** To do **
Each entry should be written out once more, exactly as given below.

** Source information **
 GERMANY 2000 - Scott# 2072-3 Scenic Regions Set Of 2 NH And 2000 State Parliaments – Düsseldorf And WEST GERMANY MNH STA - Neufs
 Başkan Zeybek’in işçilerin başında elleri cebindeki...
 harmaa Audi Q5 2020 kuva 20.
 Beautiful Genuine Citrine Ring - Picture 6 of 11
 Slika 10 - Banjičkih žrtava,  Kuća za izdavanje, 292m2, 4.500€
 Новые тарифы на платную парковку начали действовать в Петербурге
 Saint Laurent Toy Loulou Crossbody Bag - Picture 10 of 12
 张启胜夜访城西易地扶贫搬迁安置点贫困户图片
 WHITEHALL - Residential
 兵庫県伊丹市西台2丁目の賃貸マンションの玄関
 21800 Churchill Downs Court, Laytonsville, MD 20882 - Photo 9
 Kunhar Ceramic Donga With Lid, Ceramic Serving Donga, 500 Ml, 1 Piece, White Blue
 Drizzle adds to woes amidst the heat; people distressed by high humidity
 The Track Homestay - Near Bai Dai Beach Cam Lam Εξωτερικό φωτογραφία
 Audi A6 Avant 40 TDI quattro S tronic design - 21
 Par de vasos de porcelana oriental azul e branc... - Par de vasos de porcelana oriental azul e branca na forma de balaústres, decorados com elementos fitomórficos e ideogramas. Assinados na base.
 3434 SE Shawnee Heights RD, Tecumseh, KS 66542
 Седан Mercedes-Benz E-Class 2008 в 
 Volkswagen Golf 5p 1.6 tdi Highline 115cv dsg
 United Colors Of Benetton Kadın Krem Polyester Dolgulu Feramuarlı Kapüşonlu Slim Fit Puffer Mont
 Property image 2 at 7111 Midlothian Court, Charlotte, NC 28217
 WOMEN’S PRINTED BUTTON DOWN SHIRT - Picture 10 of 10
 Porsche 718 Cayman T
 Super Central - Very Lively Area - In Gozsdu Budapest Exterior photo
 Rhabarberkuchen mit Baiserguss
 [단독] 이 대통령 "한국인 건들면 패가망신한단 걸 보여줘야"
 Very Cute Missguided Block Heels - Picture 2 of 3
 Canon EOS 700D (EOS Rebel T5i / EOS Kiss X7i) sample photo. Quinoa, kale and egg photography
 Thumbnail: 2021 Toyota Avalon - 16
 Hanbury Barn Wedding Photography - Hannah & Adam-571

** Response area **
 GERMANY 2000 - Scott# 2072-3 Scenic Regions Set Of 2 NH And 2000 State Parliaments – Düsseldorf And WEST GERMANY MNH STA - Neufs
 Başkan Zeybek’in işçilerin başında elleri cebindeki...
 harmaa Audi Q5 2020 kuva 20.
 Beautiful Genuine Citrine Ring - Picture 6 of 11
 Slika 10 - Banjičkih žrtava,  Kuća za izdavanje, 292m2, 4.500€
 Новые тарифы на платную парковку начали действовать в Петербурге
 Saint Laurent Toy Loulou Crossbody Bag - Picture 10 of 12
 张启胜夜访城西易地扶贫搬迁安置点贫困户图片
 WHITEHALL - Residential
 兵庫県伊丹市西台2丁目の賃貸マンションの玄関
 21800 Churchill Downs Court, Laytonsville, MD 20882 - Photo 9
 Kunhar Ceramic Donga With Lid, Ceramic Serving Donga, 500 Ml, 1 Piece, White Blue
 Drizzle adds to woes amidst the heat; people distressed by high humidity
 The Track Homestay - Near Bai Dai Beach Cam Lam Εξωτερικό φωτογραφία
 Audi A6 Avant 40 TDI quattro S tronic design - 21
 Par de vasos de porcelana oriental azul e branc... - Par de vasos de porcelana oriental azul e branca na forma de balaústres, decorados com elementos fitomórficos e ideogramas. Assinados na base.
 3434 SE Shawnee Heights RD, Tecumseh, KS 66542
 Седан Mercedes-Benz E-Class 2008 в 
 Volkswagen Golf 5p 1.6 tdi Highline 115cv dsg
 United Colors Of Benetton Kadın Krem Polyester Dolgulu Feramuarlı Kapüşonlu Slim Fit Puffer Mont
 Property image 2 at 7111 Midlothian Court, Charlotte, NC 28217
 WOMEN’S PRINTED BUTTON DOWN SHIRT - Picture 10 of 10
 Porsche 718 Cayman T
 Super Central - Very Lively Area - In Gozsdu Budapest Exterior photo
 Rhabarberkuchen mit Baiserguss
 [단독] 이 대통령 "한국인 건들면 패가망신한단 걸 보여줘야"
 Very Cute Missguided Block Heels - Picture 2 of 3
 Canon EOS 700D (EOS Rebel T5i / EOS Kiss X7i) sample photo. Quinoa, kale and egg photography
 Thumbnail: 2021 Toyota Avalon - 16
 Hanbury Barn Wedding Photography - Hannah & Adam-571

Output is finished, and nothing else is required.